- Church: Armenian Catholic Church
- Archdiocese: Cilicia
- See: Patriarchal Exarch of Damascus
- Appointed: December 2023
- Installed: 14 December 2023
- Predecessor: Joseph Arnaouti
- Other post: Auxiliary Bishop of the Patriarchal Eparchy of Beirut (2015–2023)

Orders
- Ordination: 3 October 1986 by André Bedoglouyan
- Consecration: 21 November 2015 by Gregory Peter XX Ghabroyan

Personal details
- Born: Kevork Assadourian 29 April 1961 (age 65) Qamishli, Syria
- Residence: Damascus, Syria
- Education: Pontifical University of Saint Thomas Aquinas, Pontifical Lateran University

= Kevork Assadourian =

Syrian Armenian Catholic prelate (born 1961)

Kevork Assadourian, ICPB (Գէորգ Ասատուրեան; born 29 April 1961) is a Syrian Armenian Catholic hierarch. He currently serves as the Patriarchal Exarch of Damascus (since 2023) as a Titular Bishop of Amida of the Armenians (since 2015). Previously he served as an Auxiliary Bishop of the Patriarchal Eparchy of Beirut (2015–2023).

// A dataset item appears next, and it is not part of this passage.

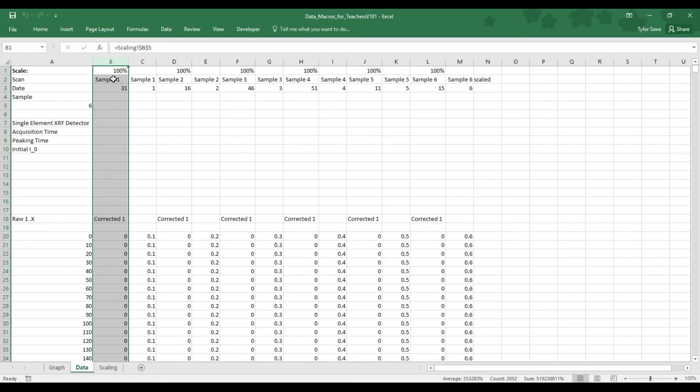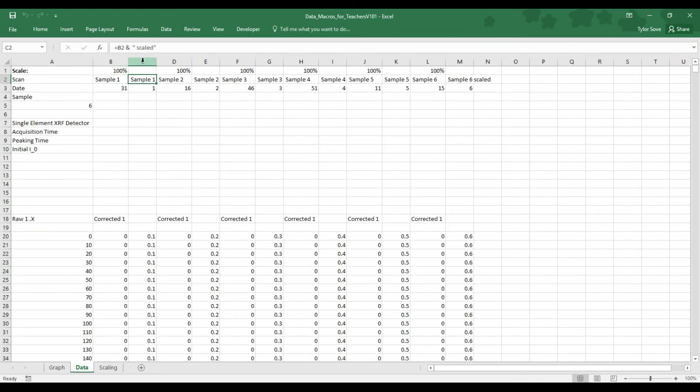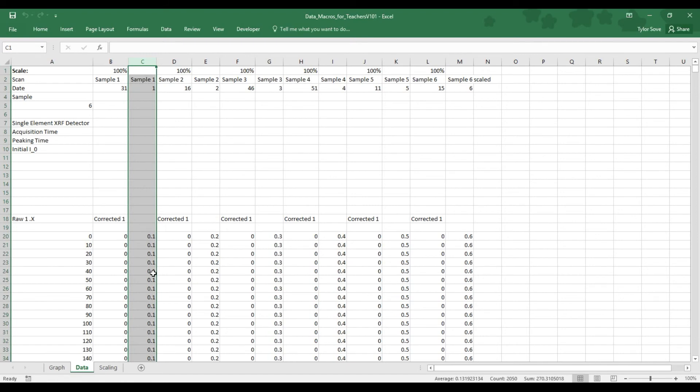But, for sample 1, we can see all of its data is down here. Down over here in column C, we again have sample 1, but this time the numbers have been scaled, normalized, and offset. As we can see, it has an offset of 0.1.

== Early life and education ==
Kevork Assadourian was born in Qamishli, Syria, in 1961. He entered the Minor Seminary of the Patriarchal Congregation of Bzommar in 1972. He later pursued his theological and philosophical studies in Rome at the Pontifical University of Saint Thomas Aquinas (1980–1985), where he obtained a Licentiate in Theology and studied pastoral theology at the Pontifical Lateran University (1985–1986).

== Priesthood ==
He was ordained a priest on 3 October 1986 for the Patriarchal Congregation of Bzommar by Bishop André Bedoglouyan. Throughout his ministry, he held several pastoral and administrative roles, including: superior of the Armenian Catholic community in Bourj Hammoud, Lebanon; rector of the Armenian Catholic community in Paris, France (2007–2015); administrator of the Bzommar Monastery.

== Episcopal ministry ==
On 5 September 2015, Pope Francis confirmed his election by the Synod of Bishops of the Armenian Catholic Church as the Auxiliary Bishop of the Patriarchal Diocese of Cilicia. He was assigned the Titular See of Amida degli Armeni. He received his episcopal consecration on 21 November 2015 from Patriarch Gregory Peter XX Ghabroyan.

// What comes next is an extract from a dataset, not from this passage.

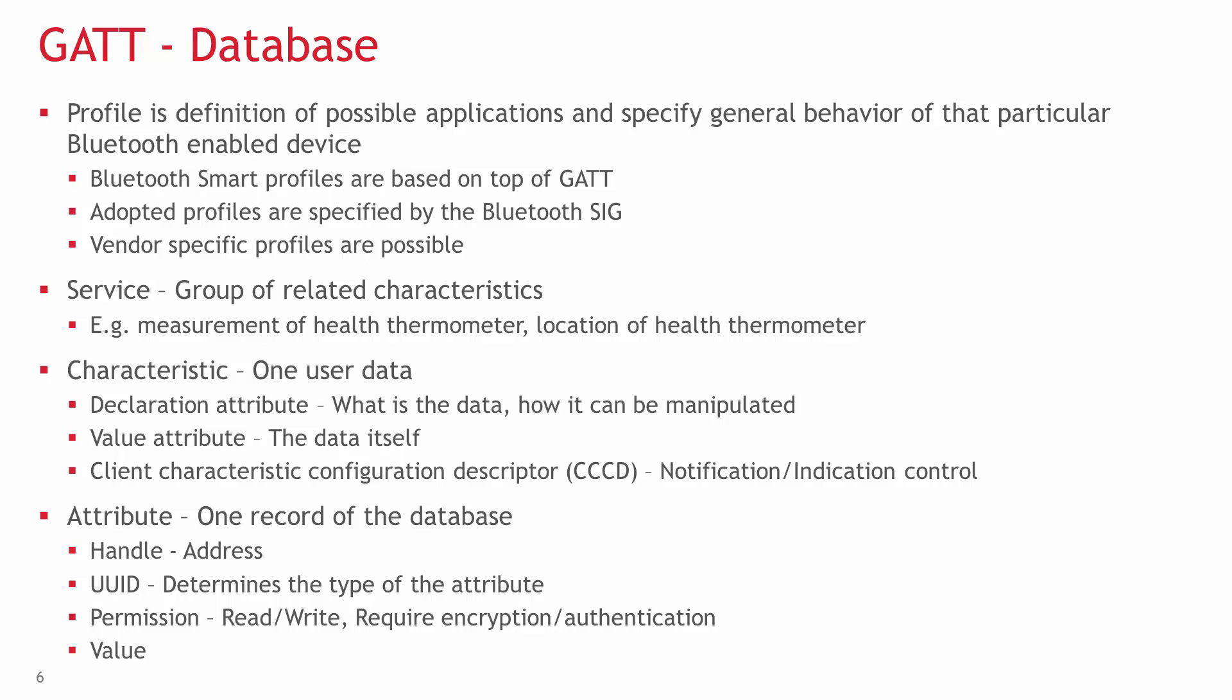The top level of the GATT hierarchy is a profile, which is composed of one or more services necessary to fulfill a use case. In Bluetooth Smart there are two types of profiles.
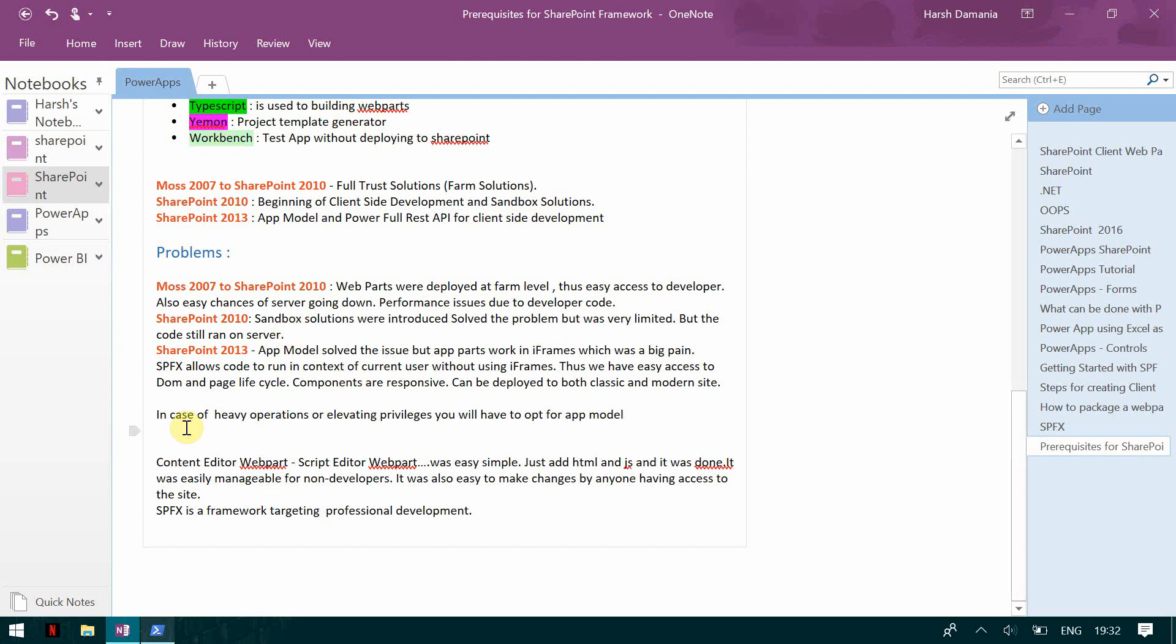So that's why SPFx came which allows us to run the code in context of the current user without using iframes. But in case of heavy operations or elevated privileges we still have to opt for app model. Also the point is that the content editor web part or the script editor web part was very easy simple, just HTML and JS and it was done. It was easily manageable for non-developers as well. It was also easy to make changes by anyone having access to a site. This was dangerous as you may lose your code or anything can happen or any change can be made to your code. So SPFx is a framework targeting for professional, secure and modern way of development.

In September 2021, following the death of Patriarch Krikor Bedros XX Ghabroyan, Assadourian participated in the Elective Synod of the Armenian Catholic Church convened by Pope Francis at the Pontifical Armenian College in Rome. He was part of the body of bishops that elected Raphaël Bedros XXI Minassian as the new Patriarch of Cilicia.

Assadourian has been vocal regarding the plight of Christians in the Middle East. During the Syrian Civil War, he maintained communication with various regional stakeholders to ensure the safety of Christian communities and provided aid through organizations like Aid to the Church in Need.

In December 2023, he was elected as the Patriarchal Exarch of Damascus and was installed in Damascus on 14 December 2023.